__Record set__.
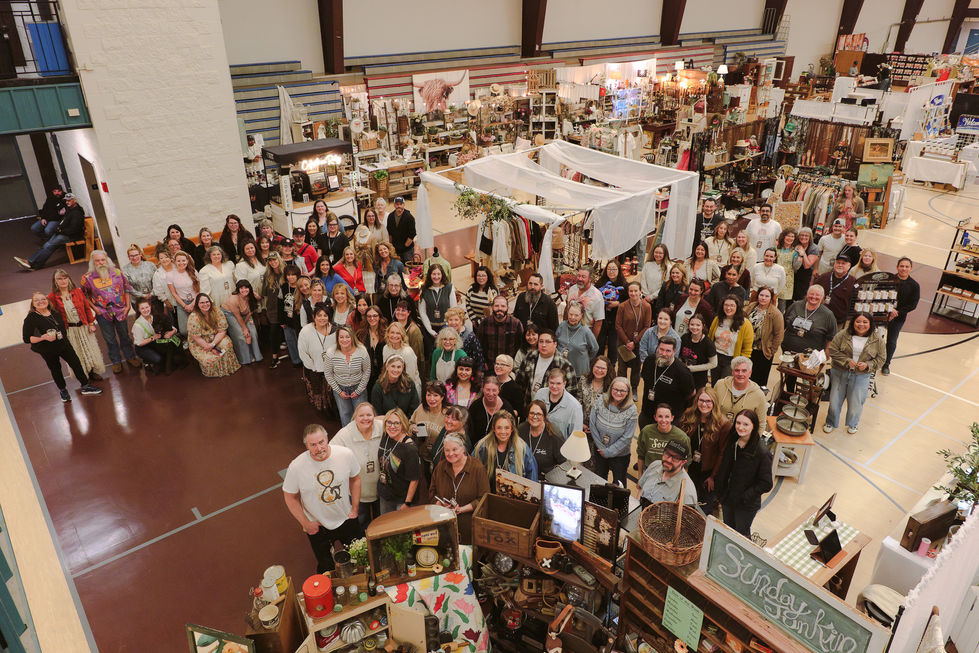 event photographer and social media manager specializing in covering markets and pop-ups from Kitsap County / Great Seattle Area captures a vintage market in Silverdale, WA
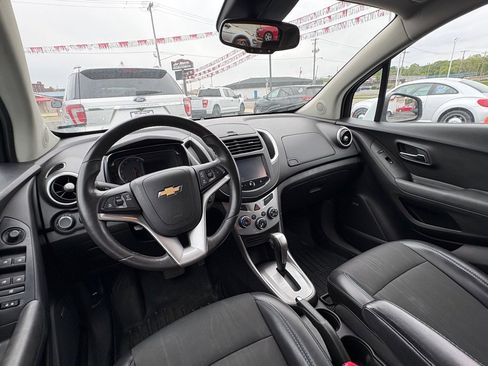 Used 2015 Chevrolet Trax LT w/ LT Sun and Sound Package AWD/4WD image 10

---

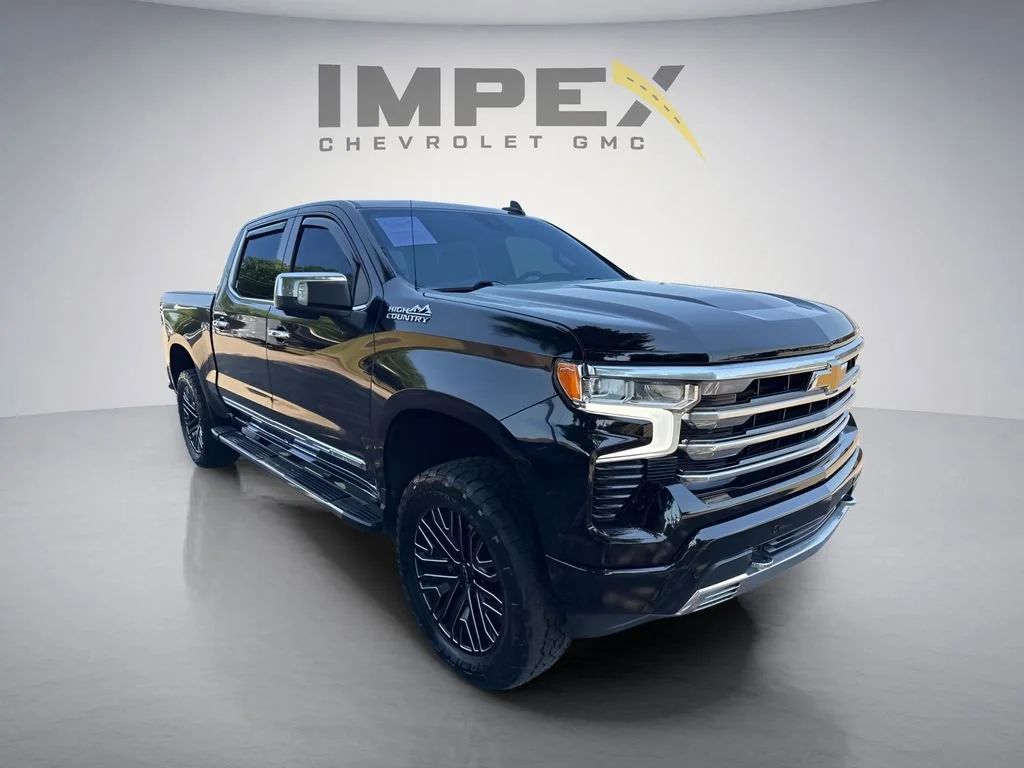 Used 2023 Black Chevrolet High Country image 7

__Task prompt__.
While skipping the pictures, transcribe the data above from the line showing "event photographer and" through the line showing "Used 2015 Chevrolet", exactly and with both ends.

__Written reply__.
 event photographer and social media manager specializing in covering markets and pop-ups from Kitsap County / Great Seattle Area captures a vintage market in Silverdale, WA
 Used 2015 Chevrolet Trax LT w/ LT Sun and Sound Package AWD/4WD image 10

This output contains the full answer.